Gene Ontology (GO) enrichment analysis is a technique for interpreting sets of genes making use of the Gene Ontology system of classification, in which genes are assigned to a set of predefined bins depending on their functional characteristics. For example, the gene FasR is categorized as being a receptor, involved in apoptosis and located on the plasma membrane.
Researchers performing high-throughput experiments that yield sets of genes (for example, genes that are differentially expressed under different conditions) often want to retrieve a functional profile of that gene set, in order to better understand the underlying biological processes. This can be done by comparing the input gene set with each of the bins (terms) in the GO – a statistical test can be performed for each bin to see if it is enriched for the input genes.
There are a variety of methods for performing a term enrichment using GO. Methods may vary according to the type of statistical test applied, the most common being a Fisher's exact test / hypergeometric test. Some methods make use of Bayesian statistics. There is also variability in the type of correction applied for Multiple comparisons, the most common being Bonferroni correction.
One of the main uses of the GO is to perform enrichment analysis on gene sets. For example, given a set of genes that are up-regulated under certain conditions, an enrichment analysis will find which GO terms are over-represented (or under-represented) using annotations for that gene set.
Users can perform enrichment analyses directly from the home page of the GOC website. This service connects to the analysis tool from the PANTHER Classification System, which is maintained up to date with GO annotations.
Using the GO enrichment analysis tools
1. Paste or type the names of the genes to be analyzed, one per row or separated by a comma. The tool can handle both MOD specific gene names and UniProt IDs (e.g. Rad54 or P38086).
2. Select the GO aspect (molecular function, biological process, cellular component) for our analysis (biological process is default).
3. Select the species our genes come from (Homo sapiens is default).
4. Press the submit button. Note that we will be able to upload a REFERENCE (aka “background”) LIST at a later step.
5. We will be redirected to the results on the PANTHER website. These results are based on enrichment relative the set of all protein-coding genes in the genome we selected in step 3.

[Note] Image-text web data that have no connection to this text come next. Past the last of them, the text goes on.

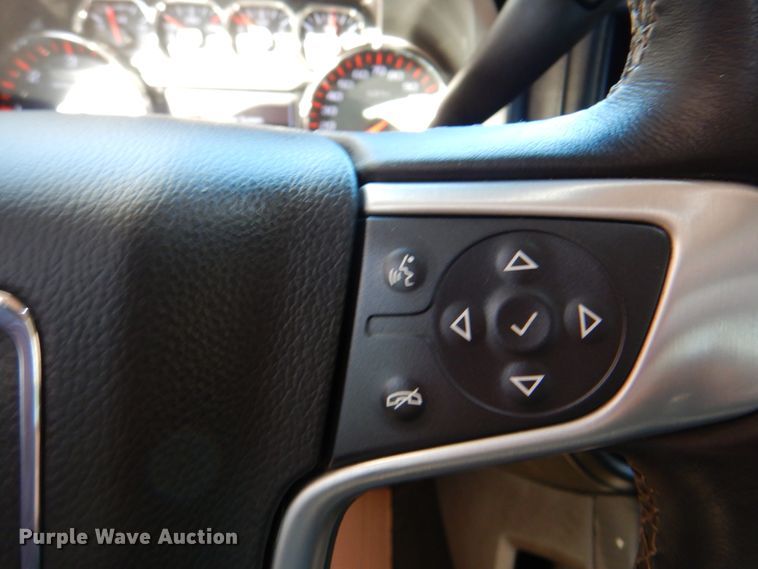 image for item DJ8705 2015 GMC Sierra 1500  Crew Cab pickup truck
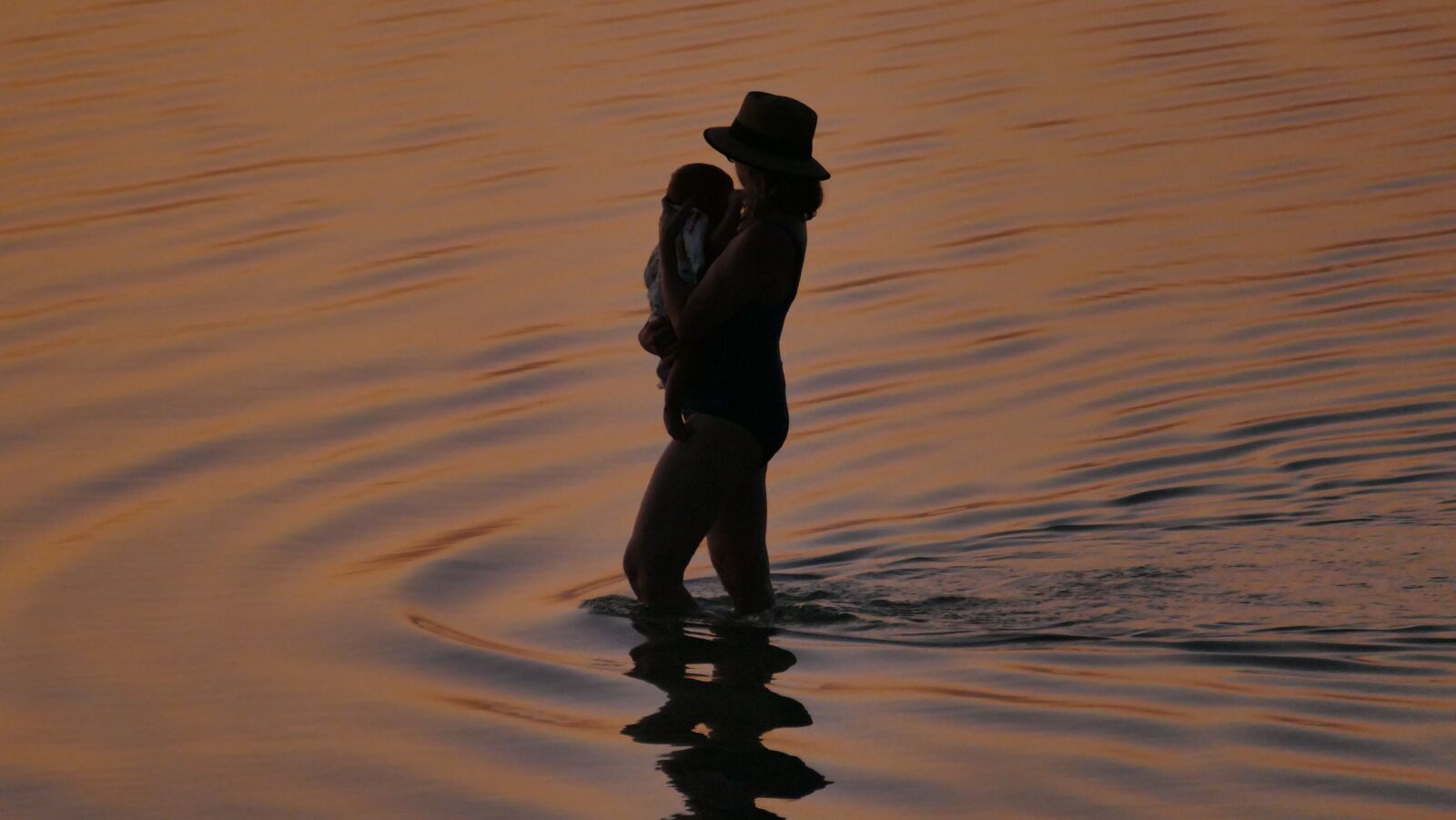 Leica V-Lux (Typ 114) sample photo. Sundown, mother, child photography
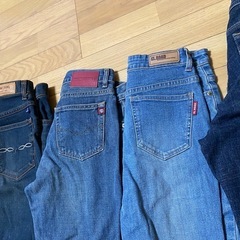 レディースジーンズ6本の画像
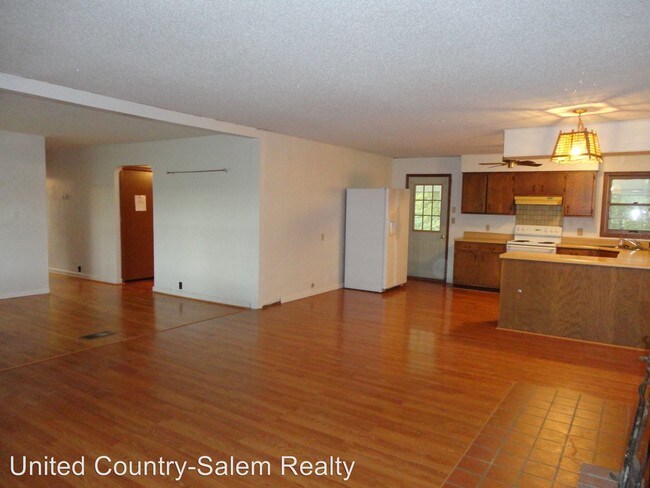 Building Photo - 4 br, 2 bath House - 2521 N. Hwy 19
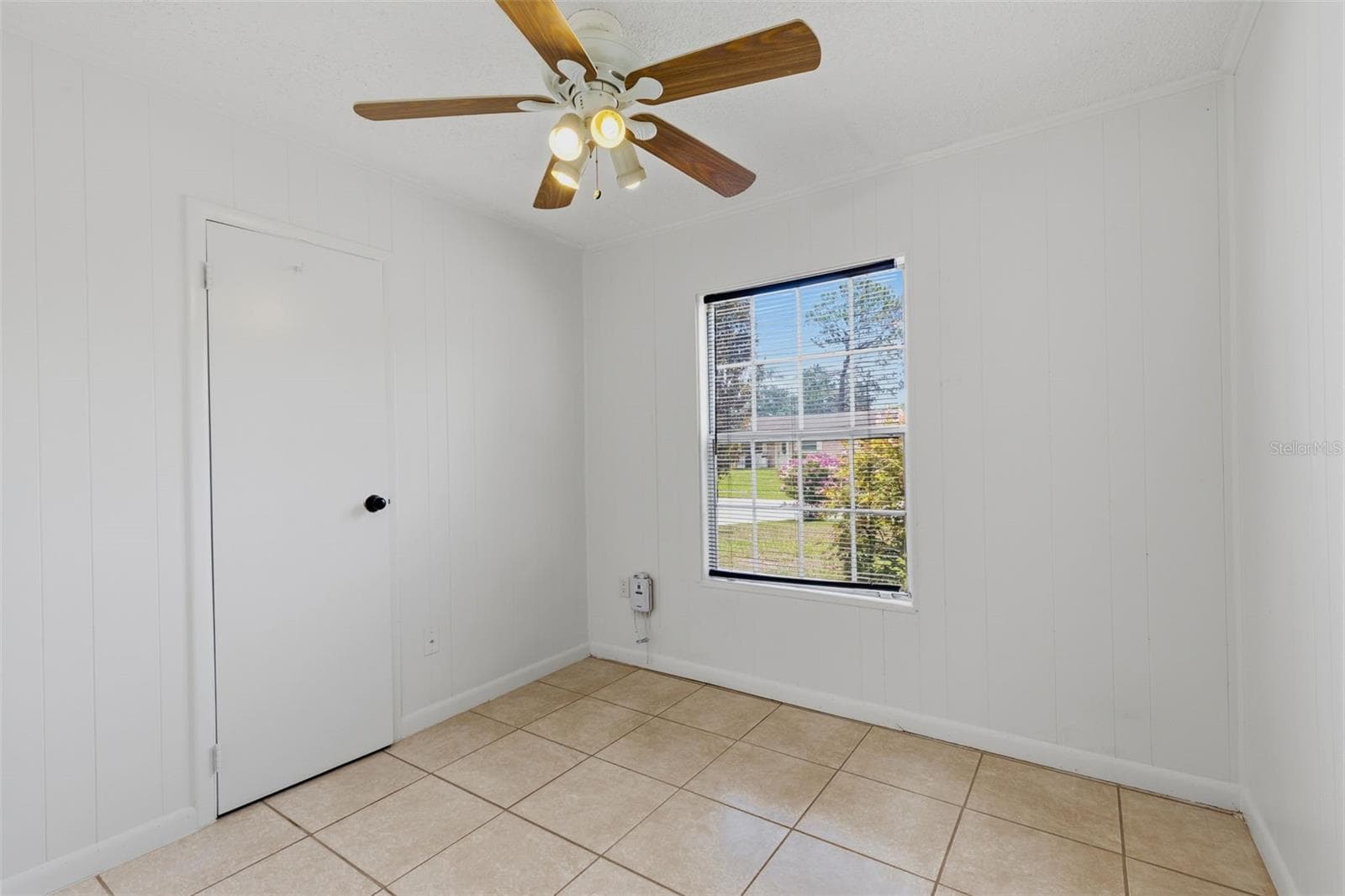 208 AVALONE DRIVE — photo 18 of 31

6. (optional but HIGHLY RECOMMENDED) Add a custom REFERENCE LIST and re-run the analysis. Press the “change” button on the “Reference list” line of the PANTHER analysis summary at the top of the results page, upload the reference list file, and press the “Launch analysis” button to re-run the analysis. The reference list should be the list of all the genes from which our smaller analysis list was selected.
Interpreting the results table
The results page shows a table that lists significant shared GO terms (or parents of GO terms) used to describe the set of genes that users entered on the previous page, the background frequency, the sample frequency, expected p-value, an indication of over/underrepresentation for each term, and p-value. In addition, the results page displays all the criteria used in the analysis. Any unresolved gene names will be listed on top of the table.
Background frequency is the number of genes annotated to a GO term in the entire background set, while sample frequency is the number of genes annotated to that GO term in the input list.
The symbols + and - indicate over or underrepresentation of a term.
P-value is the probability or chance of seeing at least x number of genes out of the total n genes in the list annotated to a particular GO term, given the proportion of genes in the whole genome that are annotated to that GO Term. That is, the GO terms shared by the genes in the user’s list are compared to the background distribution of annotation. The closer the p-value is to zero, the more significant the particular GO term associated with the group of genes is.